INFORMATION SUPPLIED
>>>>
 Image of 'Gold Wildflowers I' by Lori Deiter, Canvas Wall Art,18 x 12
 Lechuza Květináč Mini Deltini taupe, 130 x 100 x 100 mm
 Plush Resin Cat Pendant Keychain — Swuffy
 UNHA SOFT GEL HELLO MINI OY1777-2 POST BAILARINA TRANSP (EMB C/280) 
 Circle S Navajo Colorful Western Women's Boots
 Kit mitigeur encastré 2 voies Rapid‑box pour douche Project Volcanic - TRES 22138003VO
<<<<
>>>>
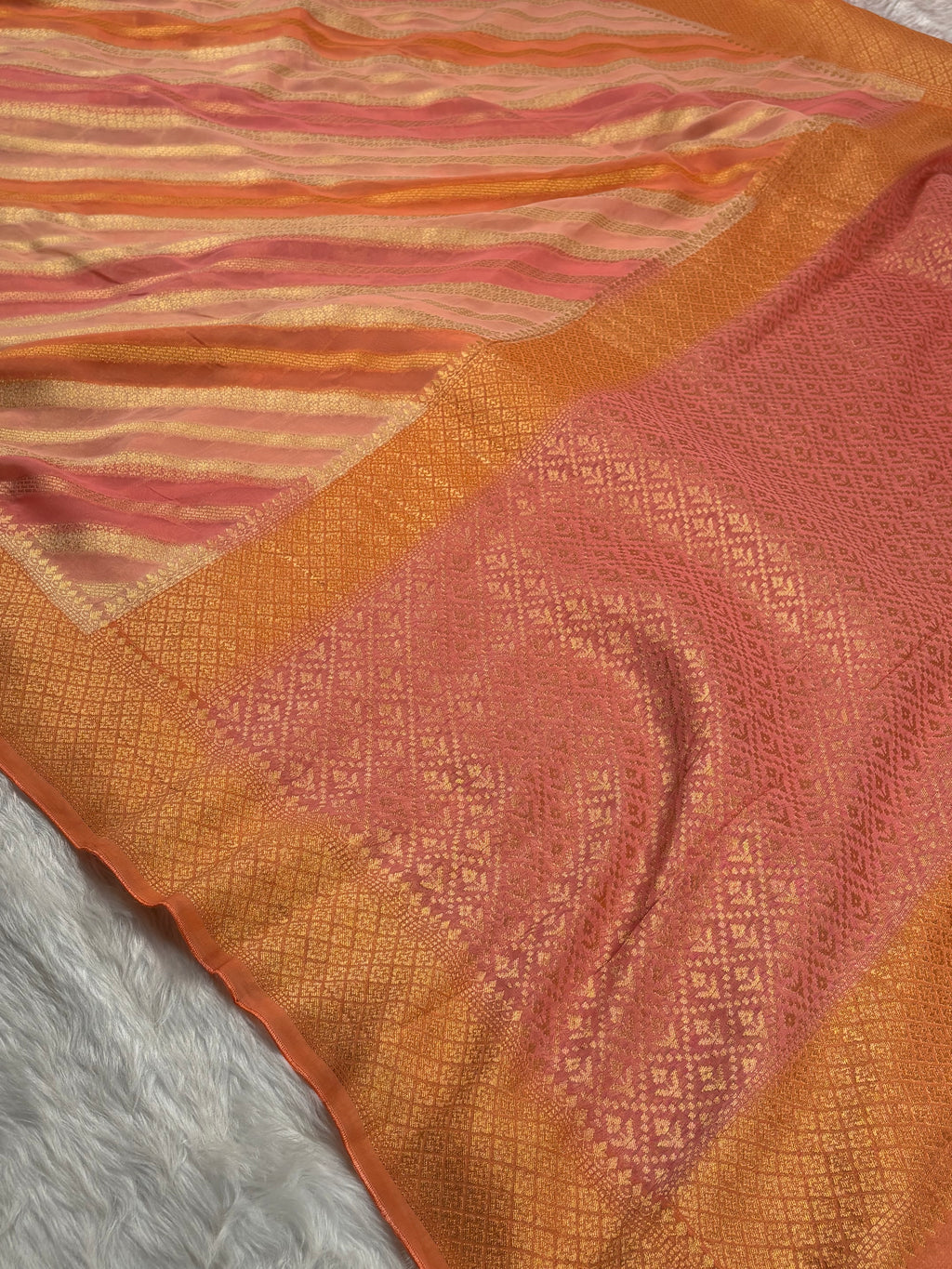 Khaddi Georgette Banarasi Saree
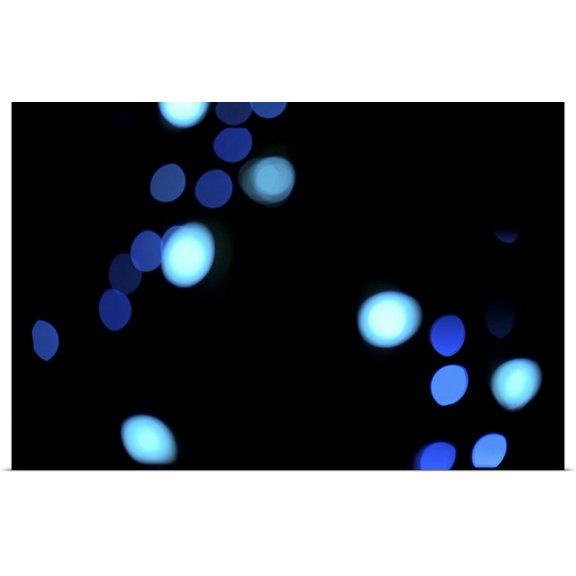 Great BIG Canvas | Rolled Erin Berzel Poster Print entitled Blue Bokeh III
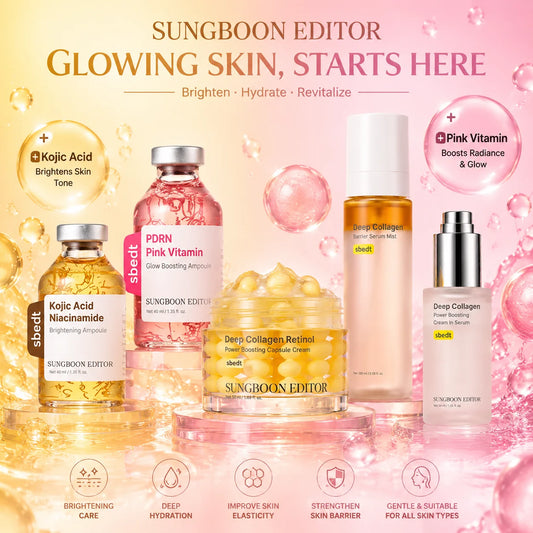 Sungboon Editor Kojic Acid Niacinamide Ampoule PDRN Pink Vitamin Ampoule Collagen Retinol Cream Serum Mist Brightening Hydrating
<<<<
Reproduce the lines of the entries above from the one with "UNHA SOFT GEL" to the one with "Kit mitigeur encastré", both included, exactly and without any other line.

 UNHA SOFT GEL HELLO MINI OY1777-2 POST BAILARINA TRANSP (EMB C/280) 
 Circle S Navajo Colorful Western Women's Boots
 Kit mitigeur encastré 2 voies Rapid‑box pour douche Project Volcanic - TRES 22138003VO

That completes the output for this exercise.